Created 09-13-2018 08:49 AM
Using HDP 2.6.4 and Sqoop 1.4.6. So not Sqoop 2, which I understand is dropped.
I'm importing from a postgresql with simple username and password (no Kerberos) to Hive/HDFS which does use Kerberos.
Besides doing a kinit first, do I need to tell sqoop somehow that the underlying import work to Hive/HDFS (initiated by the sqoop import command) needs to use Kerberos? If so, how?

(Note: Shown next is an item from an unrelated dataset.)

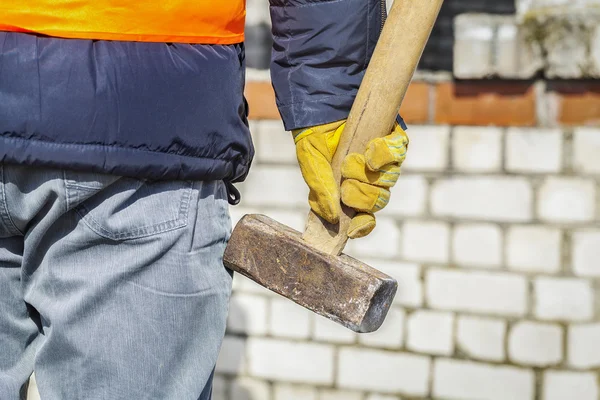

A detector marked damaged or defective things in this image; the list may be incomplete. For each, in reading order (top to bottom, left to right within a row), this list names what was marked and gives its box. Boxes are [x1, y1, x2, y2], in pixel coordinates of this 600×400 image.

rusty sledgehammer [225, 0, 446, 332]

Created 09-13-2018 09:05 AM
I'm getting error like this
18/09/13 10:56:44 INFO mapreduce.JobSubmitter: Cleaning up the staging area /user/XXX/.staging/job_1536655741381_0075
18/09/13 10:56:44 ERROR tool.ImportTool: Encountered IOException running import job: org.apache.hadoop.security.AccessControlException: Permission denied: user=XXX, access=WRITE, inode="/user/XXX/.staging/job_1536655741381_0075/libjars/antlr-runtime-3.4.jar":XXX:hdfs:----------
It's strange, because the .staging under my user has permission like this
drwx------ - XXXhdfs 0 2018-09-03 10:47 /user/XXX/.staging
The database and tables reside on HDFS with Ranger controlled permissions. They are initially written with these perms (by hive/beeline commands)
hive:hdfs drwx------ (where my sqoop job works fine)
but then (on a cron basis to let Ranger control) changed to
hdfs:hdfs d--------- (and then my sqoop job does not work anymore).
Is that because sqoop needs to be told to use Kerberos, and how is that done with sqoop 1(.4.6)?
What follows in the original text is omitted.